I am very sorry for the loss of your son, Brian Benjamin.
Please know that we welcome you here. You are needed and wanted; and you are very loved...as is Brian.

Yes, the fineral home gave us a really nice one for our daughter, Grace. She died March 26, 2004. She was born full term, died 6 hours later.

There is a website that sells all these kind of items. Oh and for the life of my I cannot remember the name. Let me go searching and I will post later, OK?

Love, Peace and Healing to you Mama...


----------



## snugglebutter (Mar 19, 2003)

I'm very sorry to hear about Brian.

At my daughter Kira's funeral we had white cardstock out for people to write letters to her. These will be put in her scrapbook that I plan to make at some point in the future.

Take gentle care of yourself. I'm so sorry your baby isn't in your arms right now.


----------



## taradt (Jun 10, 2003)

for you and Brian

talk with your funeral home, they are usually pretty good about thinking of all the *extras* and i know for us it was all free of charge as well.
there is also a website out there (can't remember it off hand) that has babybooks and birth certificates for still born babies.

take extra care of yourself right now and feel free to tell us about Brian, we are good listenners

tara


----------



## warriorprincess (Nov 19, 2001)

We decided not to have funeral home services. We are going throught the church. Normaly they provide books but none are specific to such a young loss.

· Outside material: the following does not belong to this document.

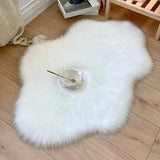 1pc Alfombra de Pelo Largo de Imitación de Piel, Alfombra Decorativa para Sala de Estar Interior, Alfombra de Felpa Larga Blanca Pura Esponjosa para Dormitorio, Alfombra de Suelo para Cama, Lavable a Máquina, Diseño de Nubes Grandes
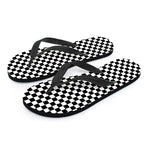 Black And White Checkered Pattern Print Flip Flops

I know I will be coming back here to work on the healing.


----------



## HaveWool~Will Felt (Apr 26, 2004)

www.aplacetoremember.com

This is the website that has lots of products for funerals. They also have several other items.
I have ordered from them and been very happy with their service and products.

Hope this helps mama...


----------



## aswbarry (Jan 31, 2005)

I am so sorry for your loss. My daughter Adelaide Grace was stillborn on November 28, 2004. For her service we also went through a church and had to get our own guest book. We went to a scrapbook store and bought a small archival quality book and pen to make sure it would never fade. A Place To Remember also has a lot of that kind of stuff. Take care.
Angela


----------



## iris0110 (Aug 26, 2003)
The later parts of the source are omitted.